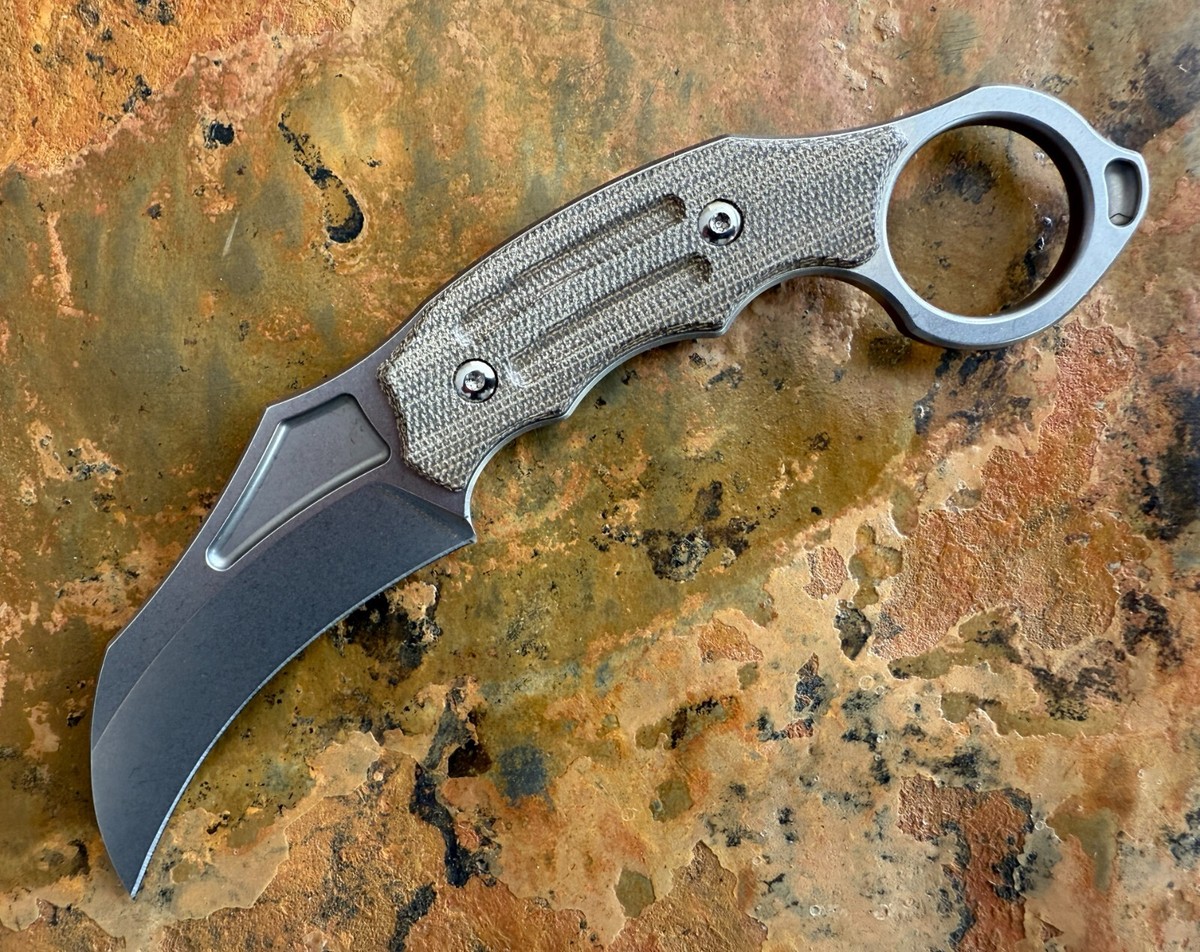 Hoback Knives, 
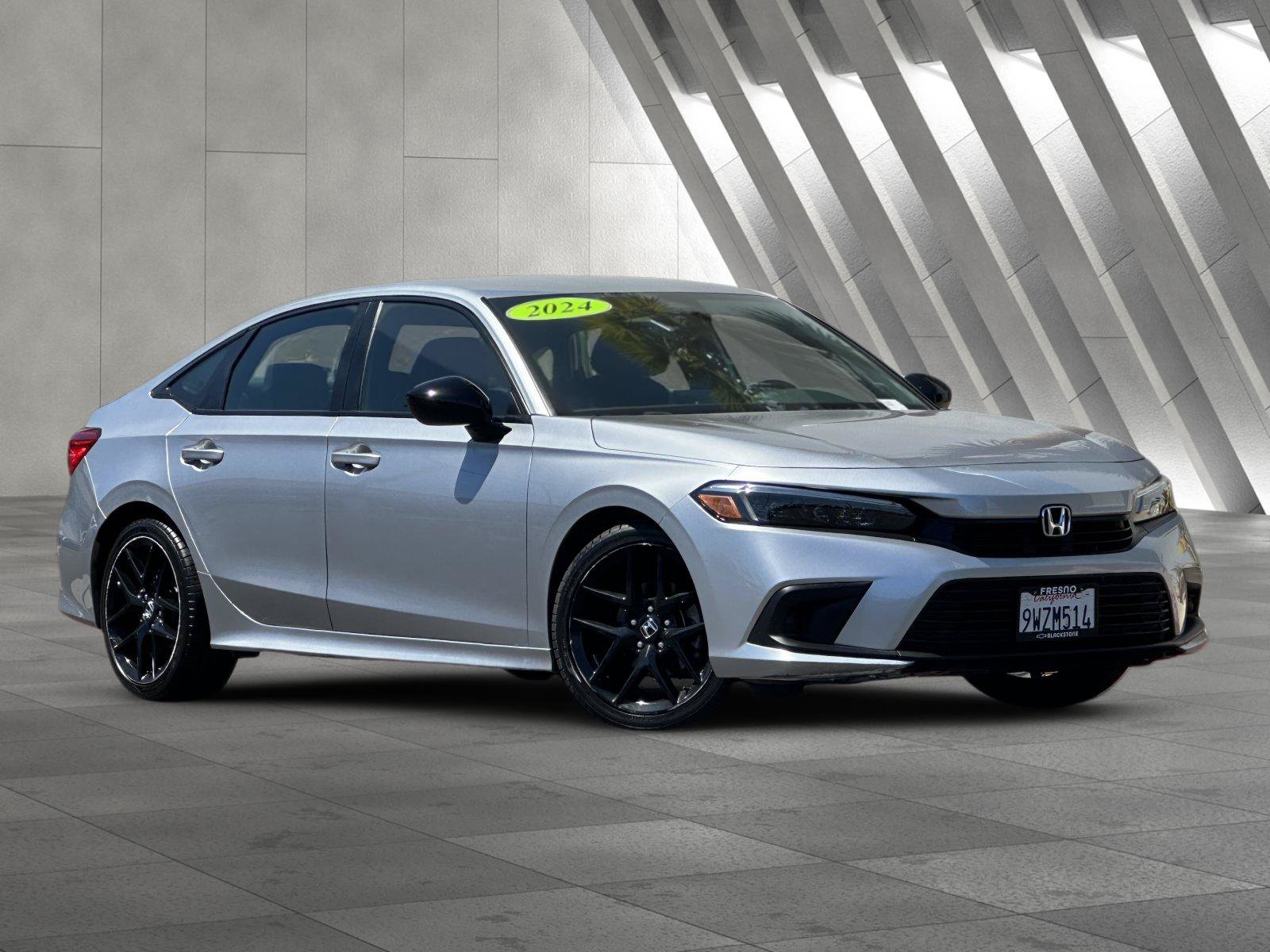 Used 2024 Honda Civic Sport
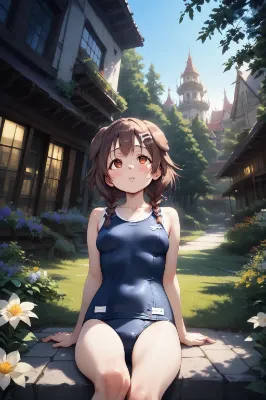 スク水ころさん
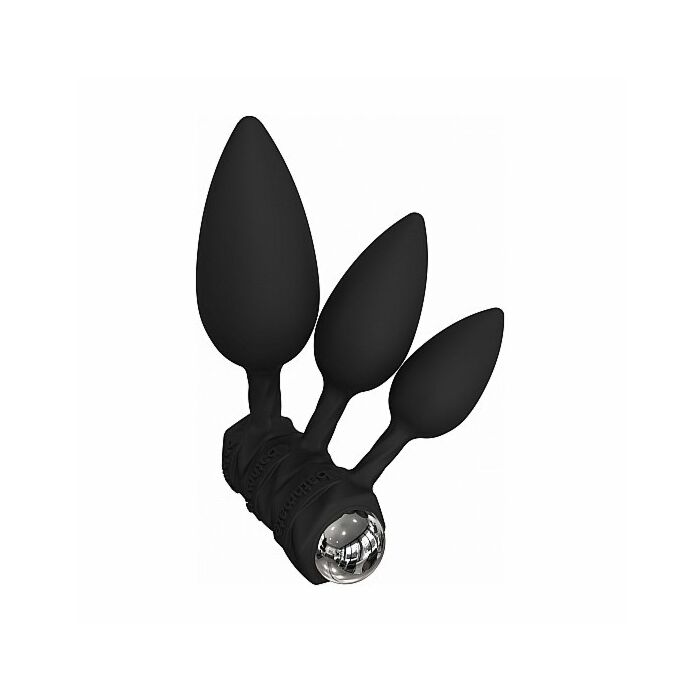 Bathmate Anal Training Plugs Vibe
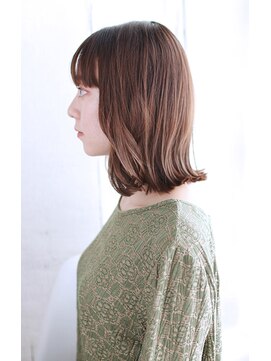 シュシュット(chouchoute) 吉祥寺3分髪質改善プリカール大人ガーリーモードチョコレート008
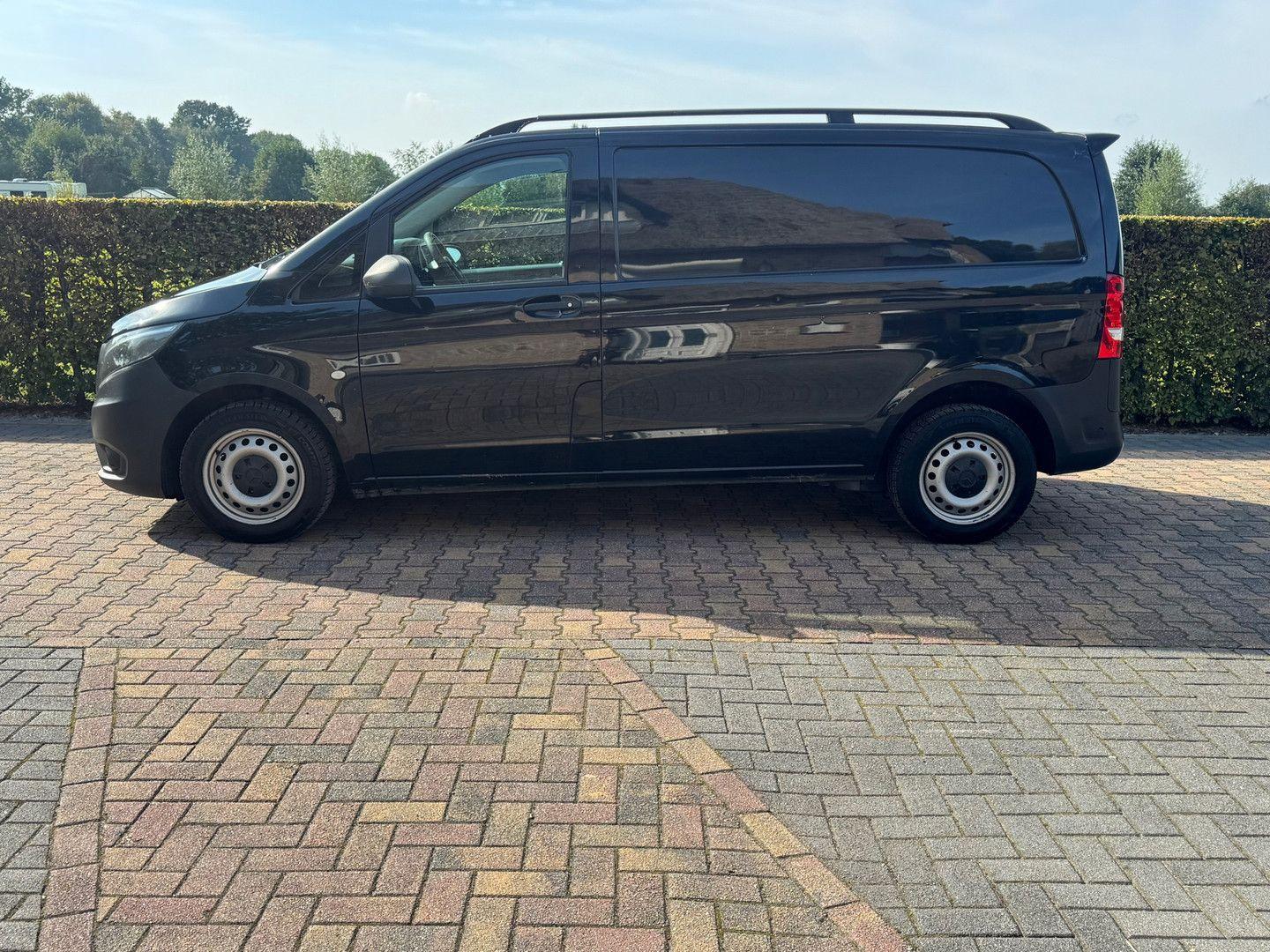 Mercedes-Benz Vito 109 CDI A/C 153521 KM Kasten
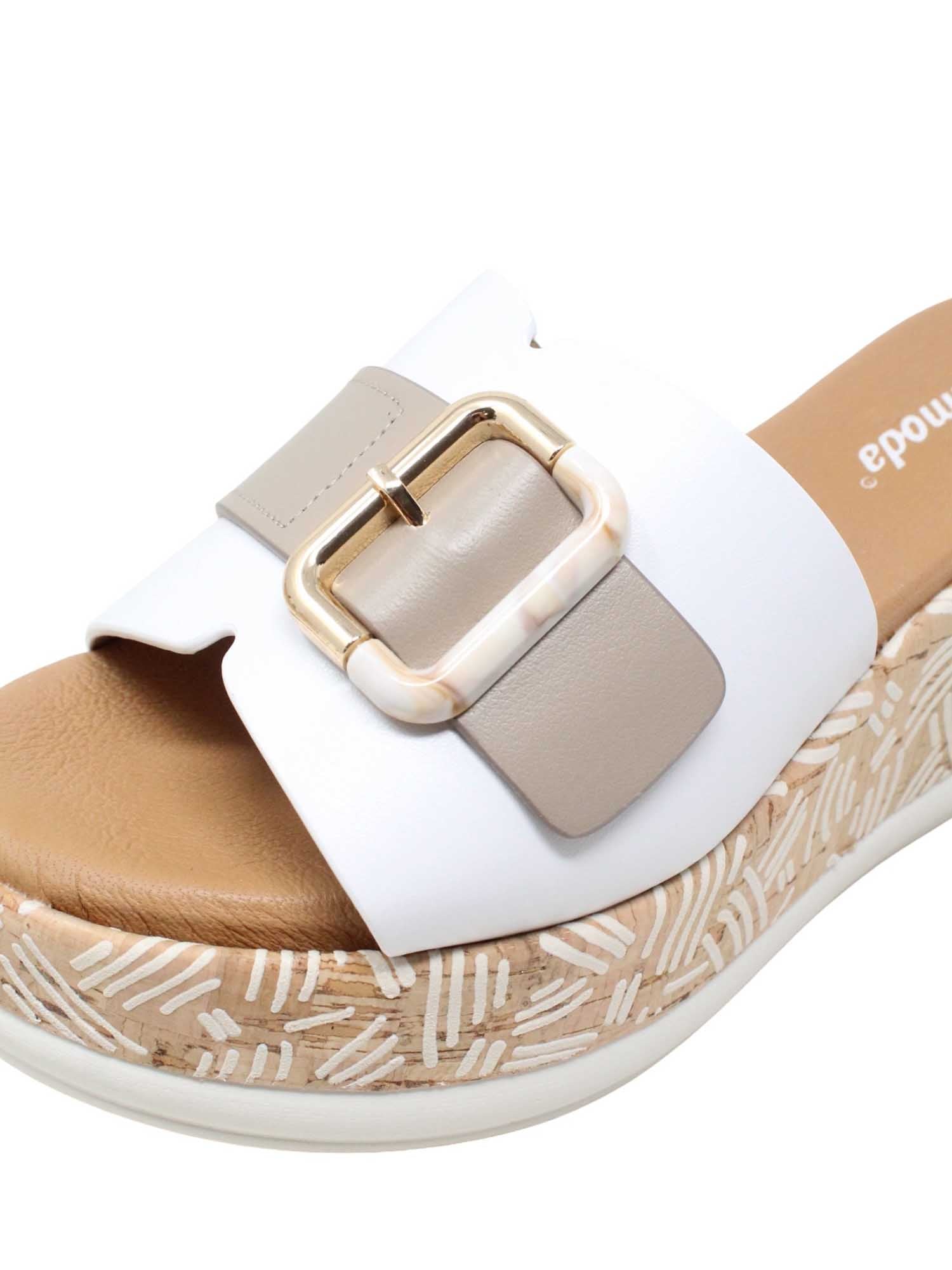 Susimoda Sandali Zeppa Donna | A048.105 - Image 11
******
_DIRECTIONS FOR THIS TASK_
Set down the records again verbatim, with no pictures.

_RESPONSE TO THIS EXERCISE_
 Hoback Knives, 
 Used 2024 Honda Civic Sport
 スク水ころさん
 Bathmate Anal Training Plugs Vibe
 シュシュット(chouchoute) 吉祥寺3分髪質改善プリカール大人ガーリーモードチョコレート008
 Mercedes-Benz Vito 109 CDI A/C 153521 KM Kasten
 Susimoda Sandali Zeppa Donna | A048.105 - Image 11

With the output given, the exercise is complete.